The Weinman donation brings the total raised so far in the campaign to $238.2 million.
The Hilton Foundation gift is contingent on the university raising the full amount needed to build the academy and won't be counted until construction begins, most likely in two years, said Vuchinich and John Morton, vice president for community colleges.
With the Hilton gift, Kapiolani Community College has about $8.1 million of the $16 million in private money needed to build the culinary school, Morton said.
A news conference will be held next week to begin a major push to raise the rest of the money, Morton said.
"I think this gift is going to act as a catalyst," Morton said.
The total cost of the new culinary institute, which will include a restaurant, is about $35.6 million.
More than $3 million in state and federal funds provided the planning and design money for the facility.
The rest of the construction costs will come from university bonds, additional private fundraising or, if necessary, more state funding, Morton said. The project also can be scaled back if the full amount is not raised.
The UH Foundation has been raising money for the Centennial Campaign since 2003.

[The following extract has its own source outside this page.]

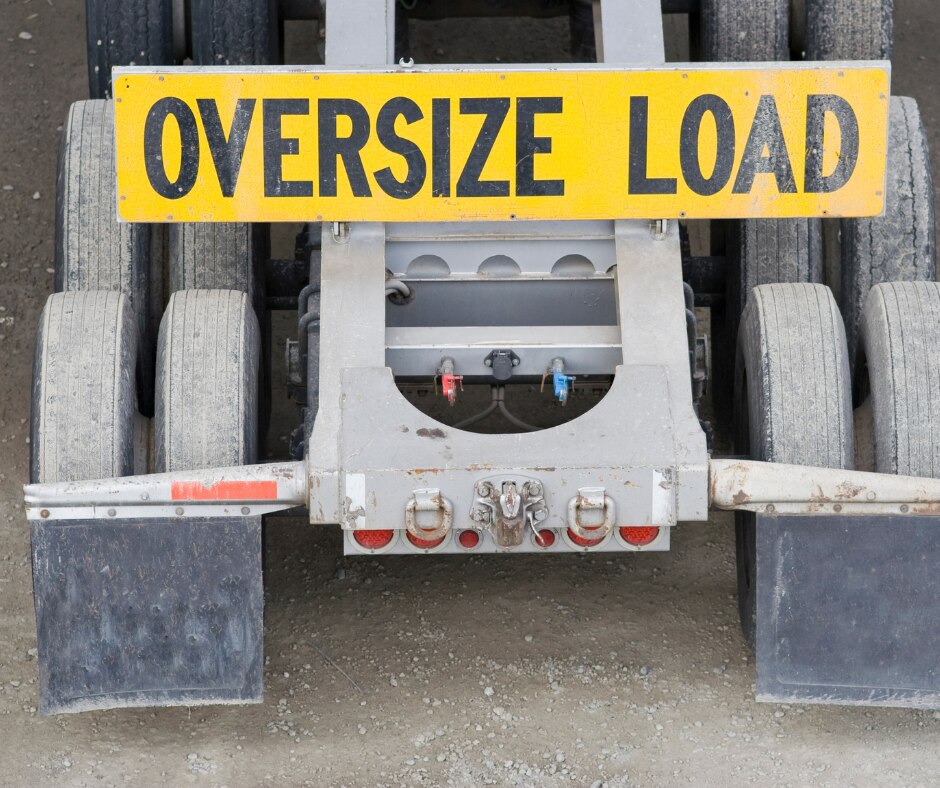 An image of the rear of a truck with a yellow 'Oversize Load' sign on it.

Besides large gifts, the foundation has also doubled the number of alumni donations of any amount, Vuchinich said. When the campaign started, only about 1 in 10 UH alumni gave back to the university. Now the rate is about 1 in 5, she said.
Vuchinich said no other university has had as great an impact on a state as the University of Hawaii.
Donors recognize that the state cannot provide all the resources UH needs, she said.
The alumni who are donating, Vuchinich said, recognize how the university has helped them and now want to give back and provide others with the chance for an education.